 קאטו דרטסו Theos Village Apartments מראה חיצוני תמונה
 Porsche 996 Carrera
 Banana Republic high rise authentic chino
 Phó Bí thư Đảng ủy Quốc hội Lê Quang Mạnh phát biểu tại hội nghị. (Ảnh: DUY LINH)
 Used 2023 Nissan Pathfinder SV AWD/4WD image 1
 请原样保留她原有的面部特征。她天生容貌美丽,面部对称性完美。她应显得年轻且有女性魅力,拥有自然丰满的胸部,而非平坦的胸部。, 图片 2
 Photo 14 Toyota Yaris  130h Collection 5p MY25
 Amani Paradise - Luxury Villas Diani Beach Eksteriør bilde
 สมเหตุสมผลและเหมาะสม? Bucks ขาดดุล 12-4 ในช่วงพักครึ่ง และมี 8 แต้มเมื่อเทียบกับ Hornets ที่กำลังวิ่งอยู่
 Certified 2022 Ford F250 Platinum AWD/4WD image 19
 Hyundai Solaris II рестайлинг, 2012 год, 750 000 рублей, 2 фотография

----

* [Brief] In full and without alteration, write out the data above.

* [Reply]
 קאטו דרטסו Theos Village Apartments מראה חיצוני תמונה
 Porsche 996 Carrera
 Banana Republic high rise authentic chino
 Phó Bí thư Đảng ủy Quốc hội Lê Quang Mạnh phát biểu tại hội nghị. (Ảnh: DUY LINH)
 Used 2023 Nissan Pathfinder SV AWD/4WD image 1
 请原样保留她原有的面部特征。她天生容貌美丽,面部对称性完美。她应显得年轻且有女性魅力,拥有自然丰满的胸部,而非平坦的胸部。, 图片 2
 Photo 14 Toyota Yaris  130h Collection 5p MY25
 Amani Paradise - Luxury Villas Diani Beach Eksteriør bilde
 สมเหตุสมผลและเหมาะสม? Bucks ขาดดุล 12-4 ในช่วงพักครึ่ง และมี 8 แต้มเมื่อเทียบกับ Hornets ที่กำลังวิ่งอยู่
 Certified 2022 Ford F250 Platinum AWD/4WD image 19
 Hyundai Solaris II рестайлинг, 2012 год, 750 000 рублей, 2 фотография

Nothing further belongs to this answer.